▶ _TASK DATA_
__________________________________________________
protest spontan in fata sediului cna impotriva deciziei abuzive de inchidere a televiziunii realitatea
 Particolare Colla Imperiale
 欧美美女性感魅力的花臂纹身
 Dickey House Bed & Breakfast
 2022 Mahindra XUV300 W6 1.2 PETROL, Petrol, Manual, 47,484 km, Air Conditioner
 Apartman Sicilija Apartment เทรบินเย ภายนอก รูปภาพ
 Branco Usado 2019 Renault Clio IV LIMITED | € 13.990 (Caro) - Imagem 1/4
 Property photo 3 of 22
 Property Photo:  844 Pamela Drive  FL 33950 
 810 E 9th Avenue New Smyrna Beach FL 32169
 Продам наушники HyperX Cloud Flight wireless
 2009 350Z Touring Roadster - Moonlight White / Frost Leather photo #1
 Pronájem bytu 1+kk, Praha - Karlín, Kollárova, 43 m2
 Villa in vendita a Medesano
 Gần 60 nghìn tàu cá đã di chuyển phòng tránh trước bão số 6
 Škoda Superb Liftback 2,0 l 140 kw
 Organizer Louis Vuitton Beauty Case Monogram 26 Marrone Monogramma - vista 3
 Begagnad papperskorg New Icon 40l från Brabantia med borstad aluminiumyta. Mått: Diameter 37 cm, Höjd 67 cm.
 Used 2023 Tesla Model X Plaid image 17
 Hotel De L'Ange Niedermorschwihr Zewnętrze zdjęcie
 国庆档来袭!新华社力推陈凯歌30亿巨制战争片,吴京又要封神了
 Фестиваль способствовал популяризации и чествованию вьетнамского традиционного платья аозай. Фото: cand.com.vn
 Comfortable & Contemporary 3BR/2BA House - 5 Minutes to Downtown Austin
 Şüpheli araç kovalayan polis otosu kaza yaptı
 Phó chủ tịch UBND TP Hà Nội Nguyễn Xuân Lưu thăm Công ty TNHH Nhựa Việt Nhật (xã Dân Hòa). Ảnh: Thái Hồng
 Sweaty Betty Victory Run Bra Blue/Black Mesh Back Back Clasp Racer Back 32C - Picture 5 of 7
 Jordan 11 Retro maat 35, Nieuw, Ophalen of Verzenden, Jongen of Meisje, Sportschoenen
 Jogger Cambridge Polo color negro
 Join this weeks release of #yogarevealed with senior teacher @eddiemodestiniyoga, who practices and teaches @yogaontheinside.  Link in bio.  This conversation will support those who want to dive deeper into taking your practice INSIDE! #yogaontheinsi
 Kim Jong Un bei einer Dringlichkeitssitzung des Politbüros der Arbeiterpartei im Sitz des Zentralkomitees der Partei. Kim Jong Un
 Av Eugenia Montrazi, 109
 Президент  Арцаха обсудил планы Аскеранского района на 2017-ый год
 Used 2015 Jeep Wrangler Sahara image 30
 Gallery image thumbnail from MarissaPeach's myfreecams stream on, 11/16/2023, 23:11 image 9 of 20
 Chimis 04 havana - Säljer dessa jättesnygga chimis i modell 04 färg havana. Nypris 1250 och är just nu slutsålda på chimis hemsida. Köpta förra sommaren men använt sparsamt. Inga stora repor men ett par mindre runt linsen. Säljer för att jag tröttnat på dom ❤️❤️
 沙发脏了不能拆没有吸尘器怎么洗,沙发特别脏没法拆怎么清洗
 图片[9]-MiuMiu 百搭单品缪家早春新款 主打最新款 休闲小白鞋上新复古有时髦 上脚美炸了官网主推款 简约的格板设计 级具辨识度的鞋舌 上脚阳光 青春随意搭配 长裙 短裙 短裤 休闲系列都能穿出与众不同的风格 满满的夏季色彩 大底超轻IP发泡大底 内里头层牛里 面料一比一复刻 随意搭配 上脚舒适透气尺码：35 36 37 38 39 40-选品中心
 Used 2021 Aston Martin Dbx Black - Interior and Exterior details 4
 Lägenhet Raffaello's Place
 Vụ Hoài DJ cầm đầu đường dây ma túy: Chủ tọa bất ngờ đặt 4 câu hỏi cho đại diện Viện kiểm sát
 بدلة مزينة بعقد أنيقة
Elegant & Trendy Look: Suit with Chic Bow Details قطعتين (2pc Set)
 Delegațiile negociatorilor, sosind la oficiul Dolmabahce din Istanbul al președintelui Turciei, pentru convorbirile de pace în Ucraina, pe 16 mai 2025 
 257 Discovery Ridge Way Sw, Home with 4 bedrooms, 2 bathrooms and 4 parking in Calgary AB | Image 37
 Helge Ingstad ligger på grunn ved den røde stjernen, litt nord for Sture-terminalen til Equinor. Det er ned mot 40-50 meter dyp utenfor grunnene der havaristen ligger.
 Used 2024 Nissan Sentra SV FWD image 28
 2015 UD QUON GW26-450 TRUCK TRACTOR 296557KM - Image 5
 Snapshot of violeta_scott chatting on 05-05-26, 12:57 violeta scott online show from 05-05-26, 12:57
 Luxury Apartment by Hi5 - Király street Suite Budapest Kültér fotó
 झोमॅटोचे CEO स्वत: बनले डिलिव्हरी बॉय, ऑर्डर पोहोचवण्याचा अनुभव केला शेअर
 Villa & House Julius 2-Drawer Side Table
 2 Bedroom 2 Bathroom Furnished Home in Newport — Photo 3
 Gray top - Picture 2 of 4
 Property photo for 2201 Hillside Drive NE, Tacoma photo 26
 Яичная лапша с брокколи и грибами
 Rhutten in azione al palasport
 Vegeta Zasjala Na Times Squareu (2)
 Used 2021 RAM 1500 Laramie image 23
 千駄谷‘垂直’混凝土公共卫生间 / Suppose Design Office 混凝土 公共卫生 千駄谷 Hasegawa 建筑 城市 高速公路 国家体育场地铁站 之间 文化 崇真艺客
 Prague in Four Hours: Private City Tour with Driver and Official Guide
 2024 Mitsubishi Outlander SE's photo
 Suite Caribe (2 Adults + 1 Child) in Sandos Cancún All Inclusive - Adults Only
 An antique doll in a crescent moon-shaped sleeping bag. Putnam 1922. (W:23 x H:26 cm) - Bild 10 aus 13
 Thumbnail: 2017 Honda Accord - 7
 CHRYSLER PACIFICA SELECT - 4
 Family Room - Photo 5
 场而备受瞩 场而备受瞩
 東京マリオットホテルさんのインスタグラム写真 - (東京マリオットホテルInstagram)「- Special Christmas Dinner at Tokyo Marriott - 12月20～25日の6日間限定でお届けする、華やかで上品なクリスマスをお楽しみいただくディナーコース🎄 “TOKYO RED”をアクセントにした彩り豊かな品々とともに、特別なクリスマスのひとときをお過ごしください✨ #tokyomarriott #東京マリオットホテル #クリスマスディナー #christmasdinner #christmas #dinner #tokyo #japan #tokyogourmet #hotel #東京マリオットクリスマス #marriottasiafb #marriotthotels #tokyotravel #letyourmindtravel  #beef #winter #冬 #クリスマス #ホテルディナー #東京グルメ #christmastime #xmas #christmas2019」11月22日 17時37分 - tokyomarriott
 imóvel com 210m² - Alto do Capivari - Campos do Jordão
__________________________________________________
▶ _TASK_
In the material above, locate the line containing "Comfortable & Contemporary" and the line containing "Sweaty Betty Victory". Transcribe exactly those two lines and every line between them, and nothing more.

▶ _OUTPUT OF THE TASK_
 Comfortable & Contemporary 3BR/2BA House - 5 Minutes to Downtown Austin
 Şüpheli araç kovalayan polis otosu kaza yaptı
 Phó chủ tịch UBND TP Hà Nội Nguyễn Xuân Lưu thăm Công ty TNHH Nhựa Việt Nhật (xã Dân Hòa). Ảnh: Thái Hồng
 Sweaty Betty Victory Run Bra Blue/Black Mesh Back Back Clasp Racer Back 32C - Picture 5 of 7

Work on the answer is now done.